A greatly misunderstood vegetable today was one of the most popular just two centuries ago. Parsnips (Pastinaca sativa) have a wonderfully sweet, nutty flavor that colder temperatures actually enhance. Their culinary versatility rivals potatoes and their overwintering ability surpasses carrots. If you have never eaten parsnips, you're missing out on a treasure.

Perhaps parsnips have fallen out of favor because many gardeners and cooks think they're persnickety to grow and mysterious to cook. Actually, this root vegetable can be grown anywhere, is relatively easy to grow and a natural for the winter vegetable garden. Always use fresh seed and keep the soil evenly moist until the seedlings have emerged. The best growing conditions include a well-drained and deeply dug soil free of stones, clods or pieces of organic matter that can hinder growth or cause the roots to fork.

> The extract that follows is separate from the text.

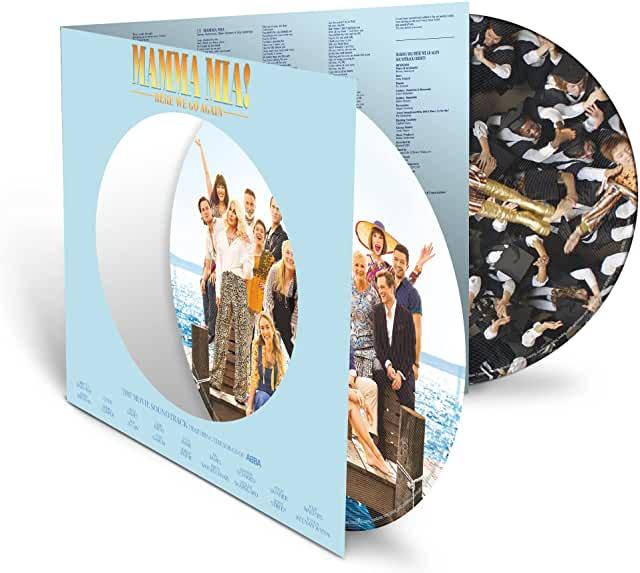 Mamma Mia! Here We Go Again (The Movie Soundtrack) (Pic Disc)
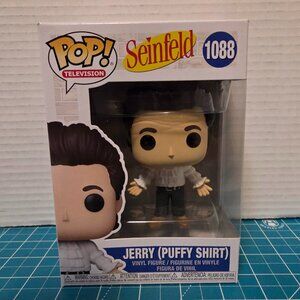 Funko POP Television Seinfeld Jerry Puffy Shirt 1088 Vinyl Figure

The secret to parsnips' crisp, sweet and delicately nutty flavor? Timing. When you grow parsnips for the winter garden exposure to cold temperatures (32 degrees to 40 degrees, by frost or cold storage) for two weeks or more sweetens its roots, turning starch into sugar. Parsnips require a long growing season (110 to 130 days), so sow the seeds early enough for the roots to be ready to harvest in autumn, preferably after the first frost.

Whether harvesting your own parsnips or buying them fresh from the supermarket, you'll find the younger roots the sweetest and most tender. (Very large parsnips are usually tough and often bitter.) Select parsnips that are firm and free of blemishes, showing no signs of wilting, shriveling or root hairs. Storing is easy. Homegrown roots can be left in cold gardens to overwinter under a 6- to 12-inch layer of mulch, then dug during winter thaws and in early spring. In areas where winters are mild or excessively rainy, dig roots in late fall and store in a cold room or root cellar (preferably at 32 degrees to 34 degrees and 98 percent to 100 percent humidity) as you would carrots. Of course, the vegetable bin in your refrigerator easily will keep roots handy and fresh for several weeks.

Parsnips are high in fiber and a rich source of folate, potassium and vitamin C. Fresh roots add variety to meals in winter and early spring and often can be used in place of carrots or potatoes. Use fresh parsnips in salads or with dip. Cook them in soup or stews, mash them like potatoes, or include them in a medley of roasted root vegetables. This sweet root is compatible with just about any cooking method, whether baked, steamed, simmered, sautéed, or sliced and fried like chips.